=== Begin Enclosure ===
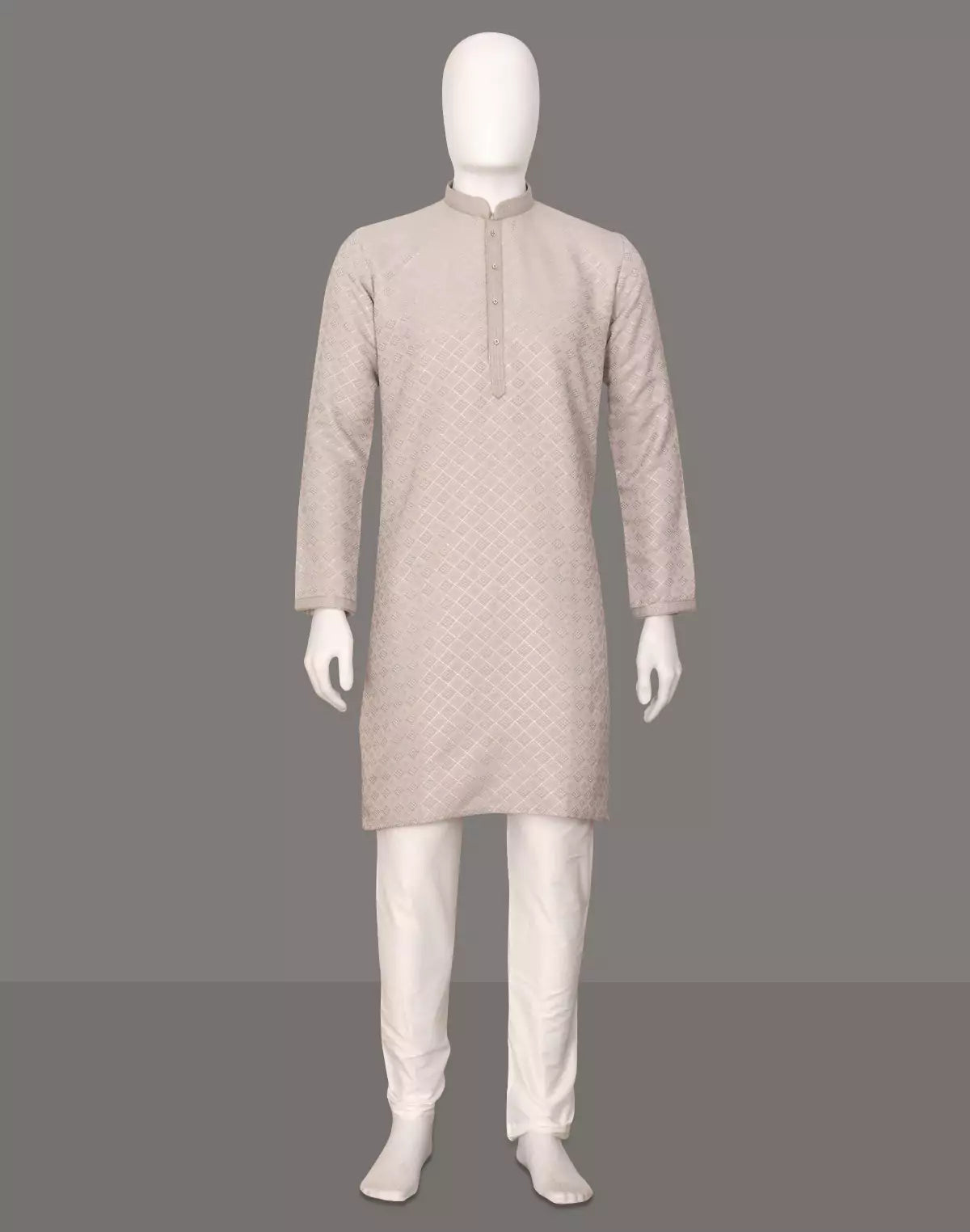 Image of Thread work Geometric Jacquard Kurta with Pyjama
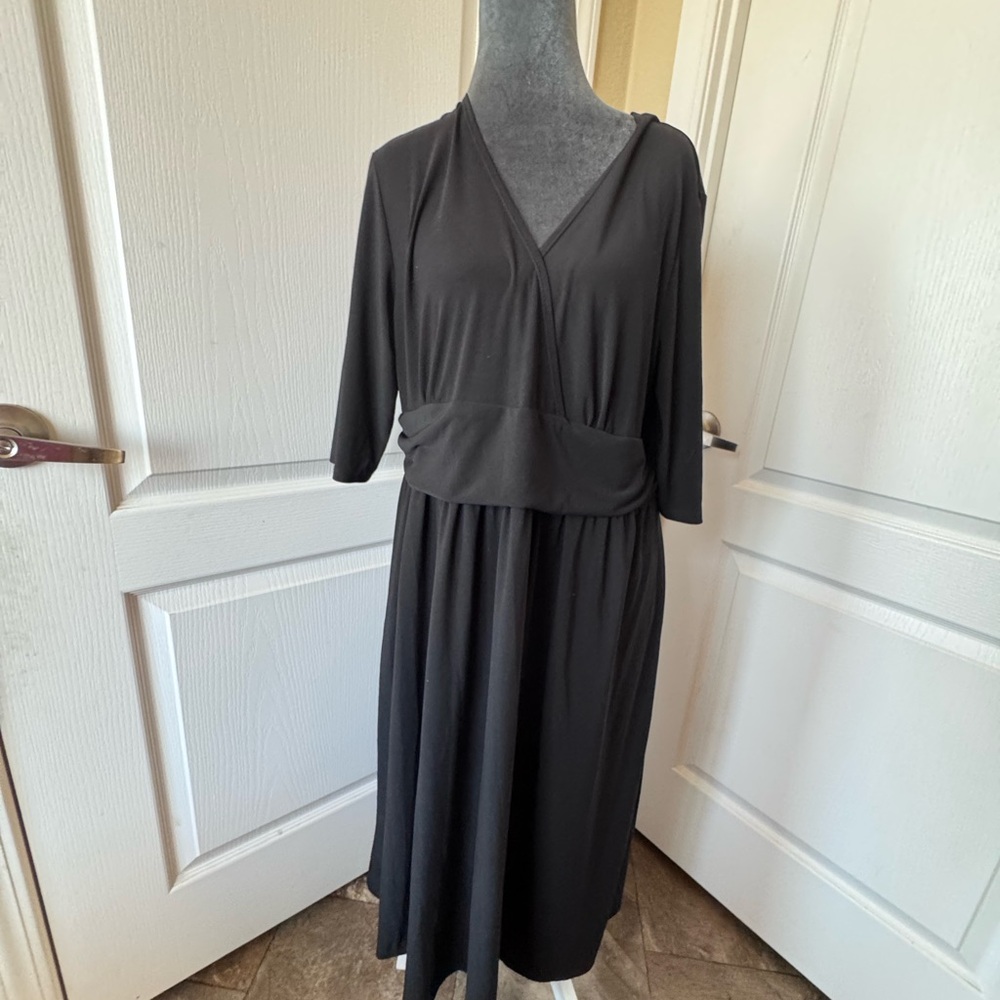 TravelSmith Black One Shoulder Dress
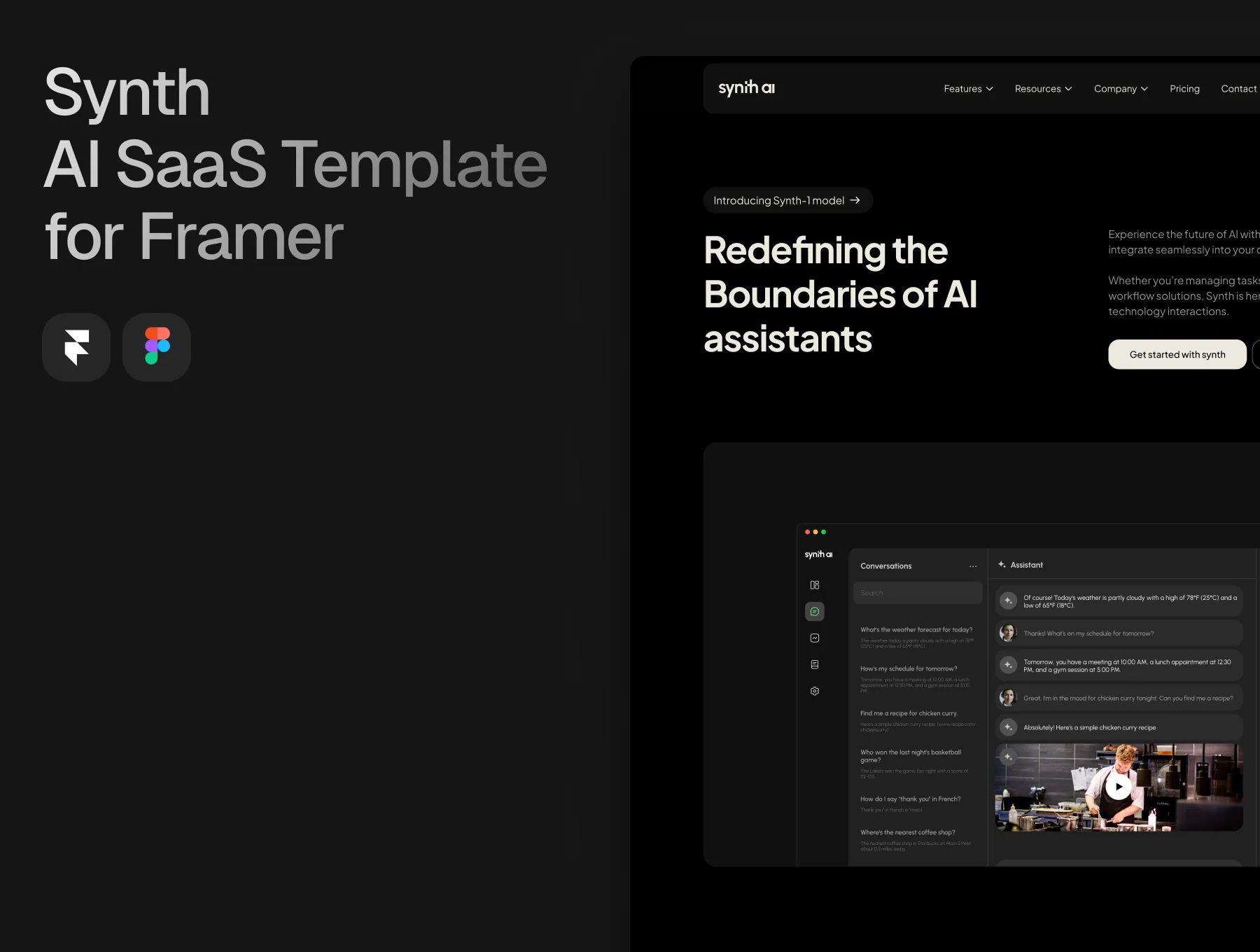 Synth - AI SaaS Template for Framer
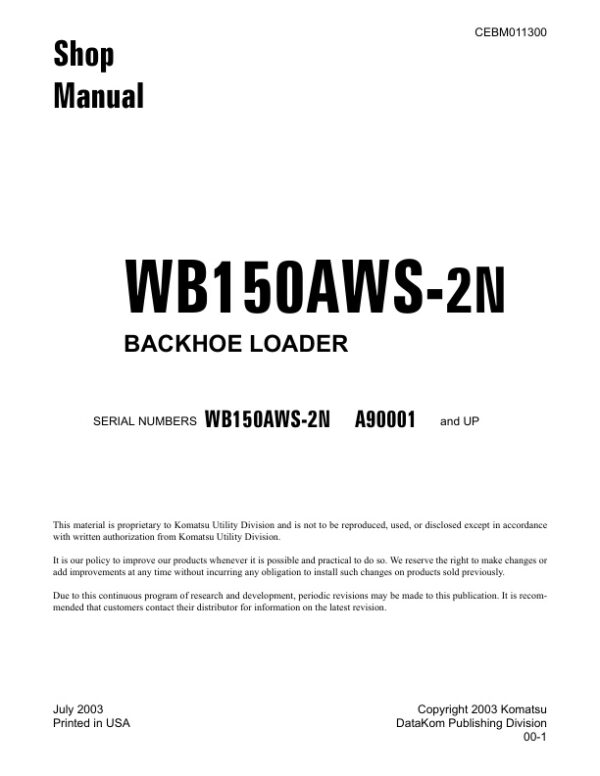 Service manual Komatsu WB150AWS-2N A90001 & Up | CEBM011300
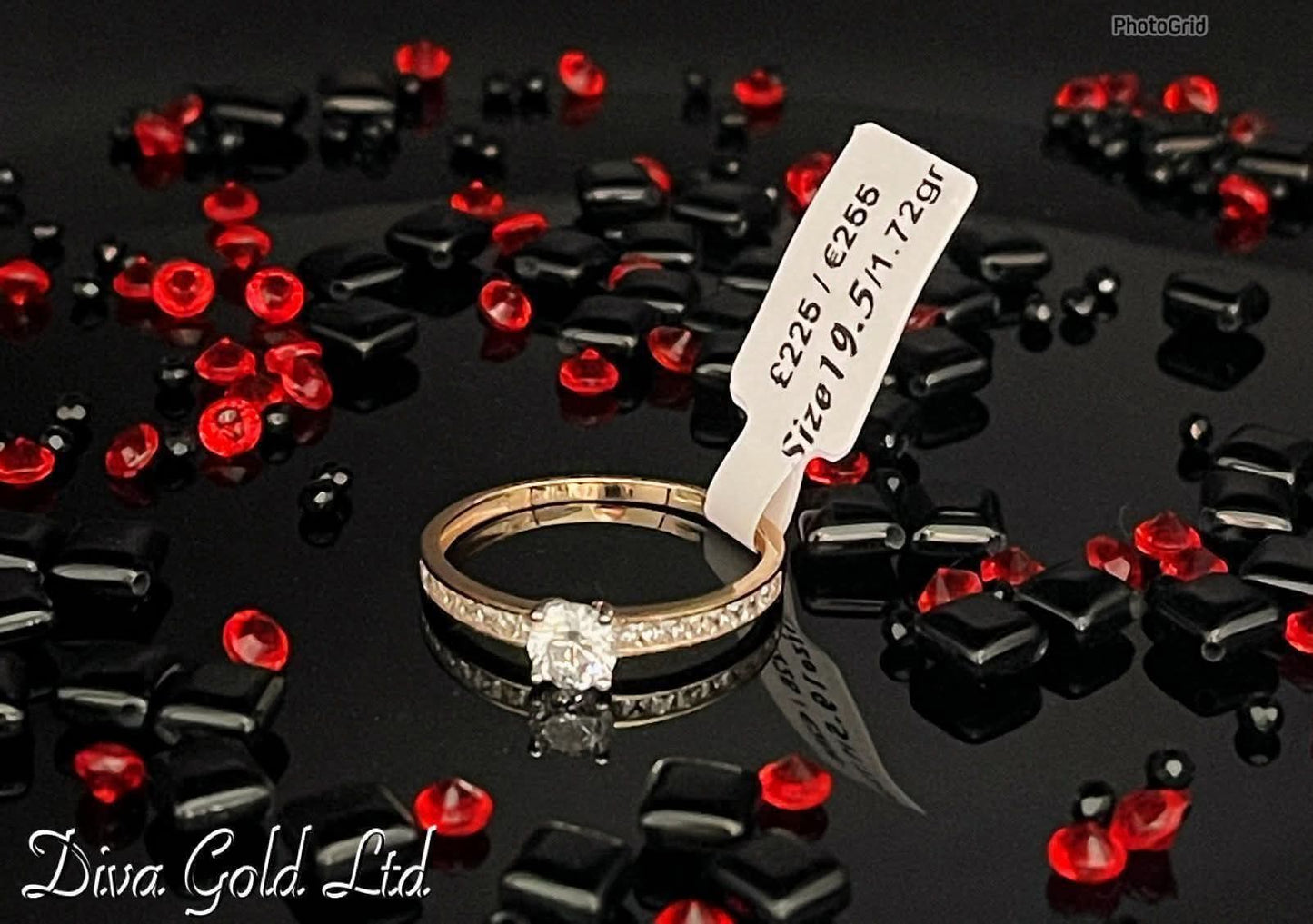 Gold women Ring with white zircon stones. Size 19.5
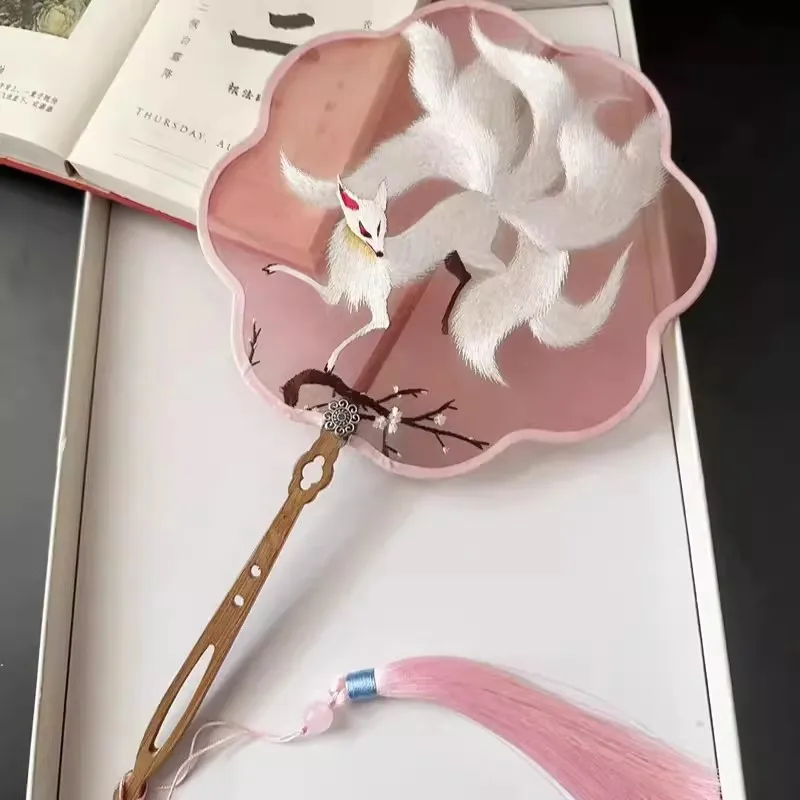 Handmade Double-Sided Embroidery Fan, Cheongsam Palace Fan, Hanfu Accessories, Chinese Style Embroidered Fan Gifts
=== End Enclosure ===
### EXERCISE DIRECTIONS:
Repeat the material above in full and unchanged, minus its images.

### REPLY TO THE EXERCISE:
 Image of Thread work Geometric Jacquard Kurta with Pyjama
 TravelSmith Black One Shoulder Dress
 Synth - AI SaaS Template for Framer
 Service manual Komatsu WB150AWS-2N A90001 & Up | CEBM011300
 Gold women Ring with white zircon stones. Size 19.5
 Handmade Double-Sided Embroidery Fan, Cheongsam Palace Fan, Hanfu Accessories, Chinese Style Embroidered Fan Gifts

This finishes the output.